EXERCISE GOAL → Return the lines below exactly as they appear, please, starting with the first and ending with the one that contains "s.Oliver Cardigan Strickjacke".

-- EXTRACTED INFORMATION follows --

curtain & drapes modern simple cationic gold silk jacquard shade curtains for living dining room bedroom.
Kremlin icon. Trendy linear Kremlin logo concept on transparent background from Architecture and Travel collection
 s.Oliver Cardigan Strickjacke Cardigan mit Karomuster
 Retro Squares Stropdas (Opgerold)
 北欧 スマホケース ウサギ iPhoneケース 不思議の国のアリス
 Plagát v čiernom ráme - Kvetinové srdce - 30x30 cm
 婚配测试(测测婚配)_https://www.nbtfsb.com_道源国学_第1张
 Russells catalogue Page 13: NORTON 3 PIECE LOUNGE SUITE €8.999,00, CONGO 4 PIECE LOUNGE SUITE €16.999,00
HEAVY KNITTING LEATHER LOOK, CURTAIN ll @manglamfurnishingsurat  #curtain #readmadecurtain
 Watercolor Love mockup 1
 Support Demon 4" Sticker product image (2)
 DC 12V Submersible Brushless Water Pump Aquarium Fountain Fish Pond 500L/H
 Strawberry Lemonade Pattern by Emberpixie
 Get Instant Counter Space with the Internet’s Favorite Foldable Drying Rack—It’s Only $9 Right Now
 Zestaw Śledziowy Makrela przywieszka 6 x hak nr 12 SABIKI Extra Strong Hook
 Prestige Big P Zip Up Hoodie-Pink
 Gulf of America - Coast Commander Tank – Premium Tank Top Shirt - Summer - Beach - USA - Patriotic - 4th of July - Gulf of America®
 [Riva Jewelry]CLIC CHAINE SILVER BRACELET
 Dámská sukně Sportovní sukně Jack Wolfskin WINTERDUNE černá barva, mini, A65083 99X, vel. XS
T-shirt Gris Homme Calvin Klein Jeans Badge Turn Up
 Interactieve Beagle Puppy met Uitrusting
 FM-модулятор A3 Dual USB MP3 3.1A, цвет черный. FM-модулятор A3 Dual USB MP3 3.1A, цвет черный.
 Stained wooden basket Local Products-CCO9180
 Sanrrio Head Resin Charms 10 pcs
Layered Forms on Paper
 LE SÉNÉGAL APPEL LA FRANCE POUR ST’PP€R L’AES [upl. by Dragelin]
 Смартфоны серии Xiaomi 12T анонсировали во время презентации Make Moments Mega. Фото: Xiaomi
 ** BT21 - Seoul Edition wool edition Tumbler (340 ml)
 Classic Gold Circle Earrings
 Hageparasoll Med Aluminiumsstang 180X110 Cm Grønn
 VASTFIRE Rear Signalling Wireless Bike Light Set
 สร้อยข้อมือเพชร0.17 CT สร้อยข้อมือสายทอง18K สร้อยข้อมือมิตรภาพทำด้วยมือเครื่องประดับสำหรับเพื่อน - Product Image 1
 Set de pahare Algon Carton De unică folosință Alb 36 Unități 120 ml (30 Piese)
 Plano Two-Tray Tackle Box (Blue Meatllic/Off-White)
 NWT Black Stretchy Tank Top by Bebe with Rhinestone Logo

-- EXTRACTED INFORMATION concluded --

OUTPUT OF THE EXERCISE →
curtain & drapes modern simple cationic gold silk jacquard shade curtains for living dining room bedroom.
Kremlin icon. Trendy linear Kremlin logo concept on transparent background from Architecture and Travel collection
 s.Oliver Cardigan Strickjacke Cardigan mit Karomuster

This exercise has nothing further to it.